Et s'ils délivrent un arrêt de travail, c'est qu'ils le jugent nécessaire pour la santé du patient. Difficile, pour un député, de suggérer une forme de complaisance médicale. Et où situer la frontière, entre une affection autorisant la poursuite -même à domicile- d'une activité, et celle qui ne le permet pas ?
Objectif réel, la lutte contre l'absentéisme ?
A la seconde analyse, on peut estimer que l'objectif est de s'attaquer indirectement à l'absentéisme en entreprise. En France, après un pic du taux d'absentéisme à 5,3% dans les années 2004/2005, ce taux est retombé à 4,5%, pour une moyenne européenne à 4%, selon des statistiques établies par le cabinet d'audit et de conseil PricewaterhouseCoopers.
Malgré tout, la France reste le pays où l'absentéisme reste le plus élevé, ce qui suffit à le transformer en cible prioritaire pour l'UMP. Mais si des abus existent, autant se saisir du dossier dans la transparence.
De nombreuses solutions ont déjà été expérimentées, comme le recours à des sociétés privées pour contrôler, à la demande des directions d'entreprises, les salariés en arrêt de travail.
Toutefois, ce renfort aux visites inopinées des limiers de l'Assurance maladie n'a pas permis d'éradiquer un phénomène qui reste important, même s'il a baissé.
Car c'est l'ensemble des relations au travail qui devraient être reconsidérées pour envisager d'éradiquer ce phénomène.
L'arrêt de travail, bouclier contre la direction
Par exemple, en France, les entreprises utilisent le licenciement de salariés seniors comme mode de gestion de leur masse salariale.
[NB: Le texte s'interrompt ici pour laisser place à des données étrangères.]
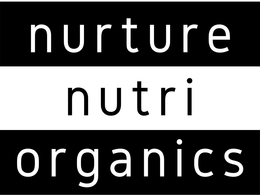 NURTURE NUTRI ORGANICS trademark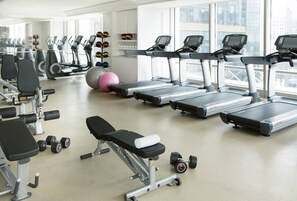 Salle de remise en forme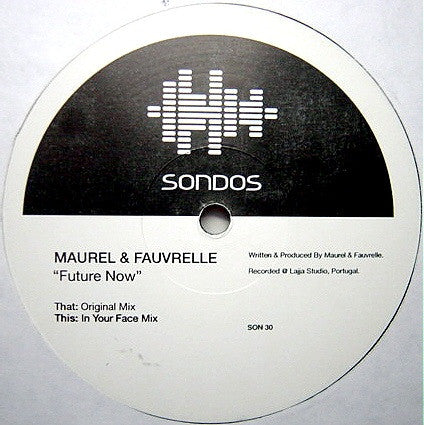 Maurel & Fauvrelle - Future Now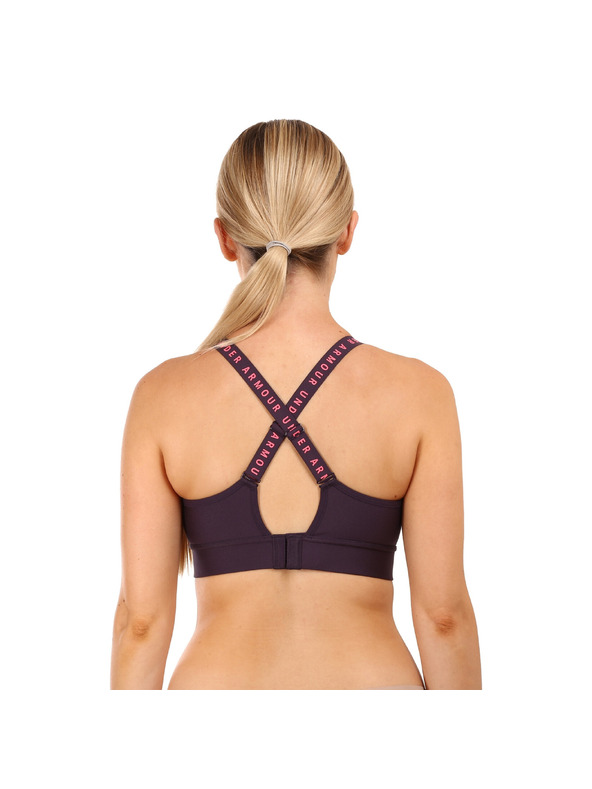 Under Armour Női melltartó Under Armour lila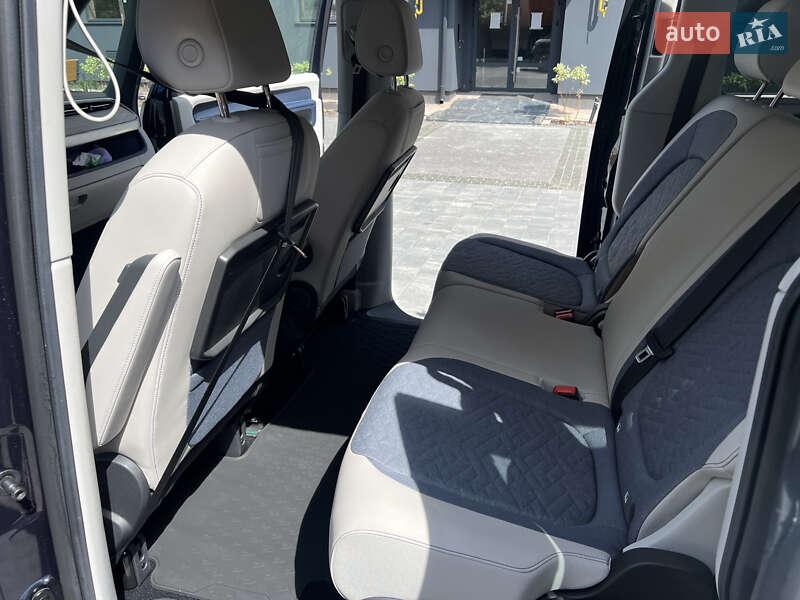 Минивэн Volkswagen I.D. Buzz 2024 в Ирпене фото 10 Минивэн Volkswagen I.D. Buzz 2024 в Ирпене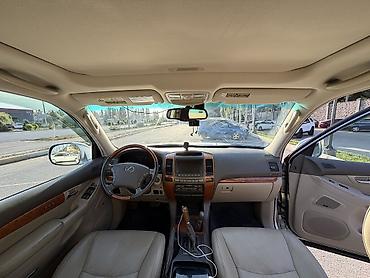 lexsus: Lexus GX: 2006 г., 4.7 л, Автомат, Бензин, Внедорожник — 8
L'âge moyen d'arrêt d'activité est de… 58 ans, bien avant l'âge de la retraite.
Et selon les statistiques officielles du ministère de l'Economie de l'Industrie et de l'Emploi, le taux d'emploi des salariés de 55 à 64 ans est de… 37% en France (contre 49% en Allemagne ou 57% au Royaume-Uni).
Inutile de se voiler la face : pour un salarié confronté à cette réalité, l'arrêt maladie peut être un bouclier contre une décision abusive et arbitraire d'une direction, et qui peut le plonger dans un profond désarroi matériel.
Si l'âge de cessation d'activité était repoussé, n'assisterait-on pas à un recul mécanique du taux d'absentéisme -notamment de longue durée ?
Amendement pour rien, ou écran de fumée ? Dans l'un ou l'autre cas, Frédéric Lefebvre savait qu'il allait déclencher une polémique. Or, on ne lance jamais un ballon d'essai pour rien. Reste l'écran de fumée. Un drôle de façon de ramener la confiance dans la politique. Quant au véritable objectif poursuivi, il apparaîtra bien vite.